Information and health privacy legislation

7.6 The Inquiry has sought to assess the adequacy of existing privacy legislation as a framework for protecting the privacy of genetic samples and information and to make recommendations to better protect genetic privacy.

7.7 A key issue identified by the Inquiry is whether information and health privacy legislation should cover genetic samples as well as the genetic information derived from them. This issue is examined separately in Chapter 8. As discussed in more detail in that chapter, the Inquiry has concluded that the Privacy Act 1988 (Cth) (Privacy Act) does not cover genetic samples, even where they are identifiable to an individual, for example, where they have a name or other identifier attached. The Inquiry is of the view that the Act should be extended to cover genetic samples by expanding the definitions of ‘personal information’ and ‘health information’[5] to include bodily samples.[6]

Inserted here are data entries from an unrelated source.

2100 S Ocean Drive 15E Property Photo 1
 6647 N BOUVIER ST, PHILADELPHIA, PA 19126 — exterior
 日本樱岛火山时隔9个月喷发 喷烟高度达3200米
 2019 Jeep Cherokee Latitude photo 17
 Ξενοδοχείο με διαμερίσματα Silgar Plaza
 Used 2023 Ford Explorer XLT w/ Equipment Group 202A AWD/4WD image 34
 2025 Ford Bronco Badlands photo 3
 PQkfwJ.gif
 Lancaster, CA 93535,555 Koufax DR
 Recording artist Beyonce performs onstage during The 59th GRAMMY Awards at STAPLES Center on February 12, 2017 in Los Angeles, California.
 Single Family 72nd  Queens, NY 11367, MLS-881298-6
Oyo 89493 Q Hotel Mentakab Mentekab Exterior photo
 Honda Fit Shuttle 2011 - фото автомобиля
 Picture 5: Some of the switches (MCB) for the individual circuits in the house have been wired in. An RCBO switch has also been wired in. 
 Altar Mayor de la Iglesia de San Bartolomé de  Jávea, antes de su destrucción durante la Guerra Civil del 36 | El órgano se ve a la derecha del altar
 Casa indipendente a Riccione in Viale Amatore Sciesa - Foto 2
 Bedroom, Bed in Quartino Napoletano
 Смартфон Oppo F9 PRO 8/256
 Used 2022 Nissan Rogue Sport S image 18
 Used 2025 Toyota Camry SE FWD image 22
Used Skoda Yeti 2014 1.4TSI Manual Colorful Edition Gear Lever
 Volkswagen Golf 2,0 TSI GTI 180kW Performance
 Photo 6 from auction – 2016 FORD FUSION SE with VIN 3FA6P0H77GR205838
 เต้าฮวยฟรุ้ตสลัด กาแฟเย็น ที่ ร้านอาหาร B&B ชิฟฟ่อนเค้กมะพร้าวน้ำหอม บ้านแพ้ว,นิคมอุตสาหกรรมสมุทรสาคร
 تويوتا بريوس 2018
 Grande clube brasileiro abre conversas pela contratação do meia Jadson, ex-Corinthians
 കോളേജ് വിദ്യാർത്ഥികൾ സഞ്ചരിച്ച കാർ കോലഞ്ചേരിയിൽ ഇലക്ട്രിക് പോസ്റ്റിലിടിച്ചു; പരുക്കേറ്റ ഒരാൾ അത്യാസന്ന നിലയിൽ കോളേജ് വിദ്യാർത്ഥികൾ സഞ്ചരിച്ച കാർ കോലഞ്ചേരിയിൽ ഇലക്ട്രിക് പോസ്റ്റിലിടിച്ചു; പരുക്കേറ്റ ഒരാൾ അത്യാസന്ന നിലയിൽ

7.8 This chapter briefly summarises the existing legislative framework for the protection of information and health privacy based on the Privacy Act and similar state and territory legislation and its application to the privacy of genetic information.

7.9 At present, national regulation of information privacy is provided by a complex, fragmented and overlapping set of federal, state and territory legislation. This chapter discusses whether there is a need for uniformity or greater harmonisation of laws concerning the privacy protection of human genetic information and, if so, on what basis.

7.10 The Inquiry has concluded that, while some inadequacies in the existing legislative privacy framework can be identified, these are best remedied through changes to general information and health privacy laws (including the Privacy Act), rather than through developing a new regulatory framework for the protection of genetic information specifically. This chapter examines the reasons for this conclusion.

7.11 On the assumption that the Privacy Act (amended as proposed in this Report) will continue to form the legislative underpinning for the privacy protection of genetic information, this chapter also examines a range of issues relating to the coverage of the Privacy Act.

[5]Privacy Act 1988 (Cth) s 6.

[6] There are other mechanisms through which privacy protection of genetic samples could be pursued. These include recognising new property rights in genetic material or amending the Human Tissue Acts to regulate the collection, storage, use of, and access to, genetic samples. These options are examined further in Ch 20.